How to Test Soil: Simple Soil Tests to Judge the Health of Your Soil
How to Test Soil
With agriculture and cultivation, soil quality is a deciding factor in the wellbeing of your plants and the quality of the produce they generate. Plants are only as healthy as the soil they are grown in. If the soil is rich in nutrients and organic material, then you will have healthy fields and a bountiful harvest. If the soil is contaminated with any number of volatile organic compounds, however, then your plants and your health may become compromised.
There is a long list of nutrients and minerals found in soil that do wonders for growth. A few of these healthy nutrients include nitrogen, potassium, and calcium. However, there are equally numerous unhealthy compounds that can be present and are only truly recognizable through soil testing. Some of the more detrimental compounds include mercury, barium, and arsenic. The following are some ways on how to test soil at home for a generalized understanding or to see indicators that will point you towards professional soil testing and remedial measures.

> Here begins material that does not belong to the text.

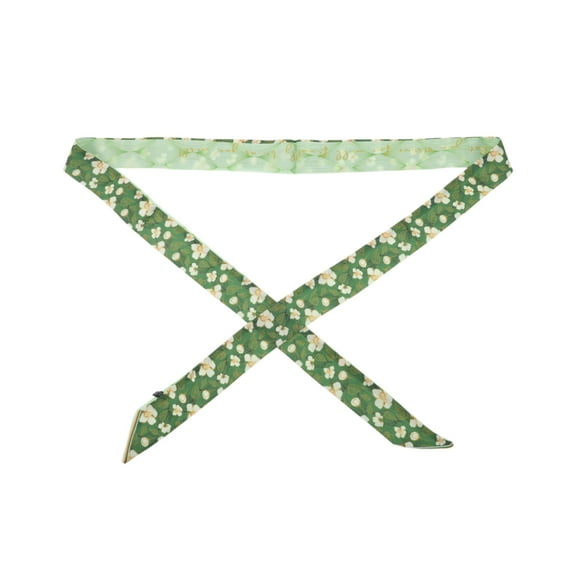 Unique Bargains 1 Pc Headband Versatile Multi-function Hairband for Women Green Beige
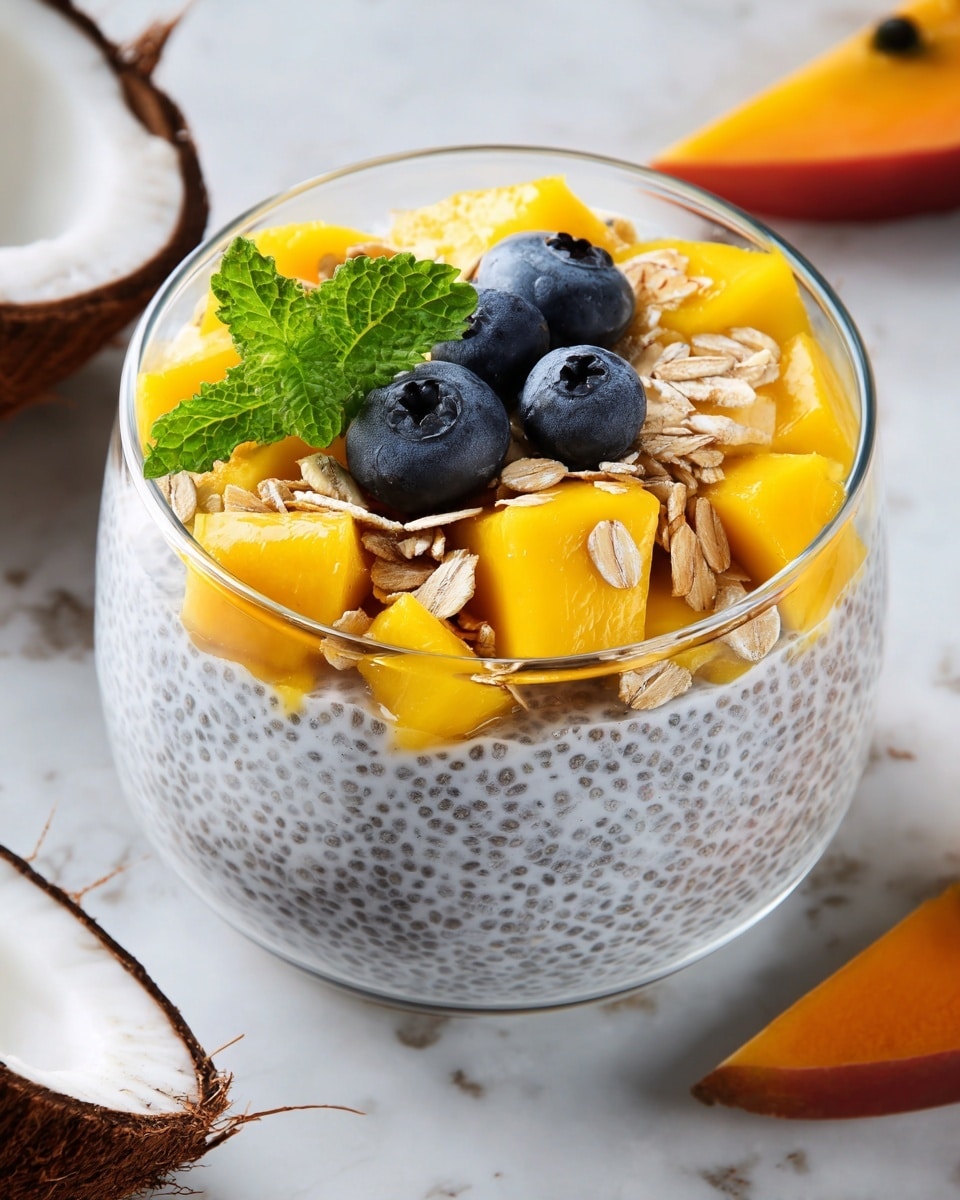 Coconut Chia Seed Pudding with Tropical Fruit Recipe 5 Coconut Chia Seed Pudding with Tropical Fruit Recipe - Recipe Image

Judging the strength of the bond in your soil is the easiest way on how to test soil, it’s just a matter of knowing what to look for in the results. Simply grab a good handful of moist soil and squeeze it in your palm. When you open your palm, the results will be evident.
If the soil falls apart immediately, your soil is of a sandy nature. That means it will be less likely to hold nutrients. While not necessarily a terrible thing, it could prove an issue in terms of sustaining life. If the soil holds together in a clump, your soil is compound rich. Once again, this is not necessarily a good thing; however, it is an indication that you might want to get to know what those compounds are through professional soil testing.
Also, the worm test is a classic method on how to test soil and judging the life sustainability of that soil. Wait until your soil is nice and wet, then dig out around 1 cubed foot of dirt and spread it along a large piece of cardboard or a plastic bag. Then, sift through it and count how many earthworms you find.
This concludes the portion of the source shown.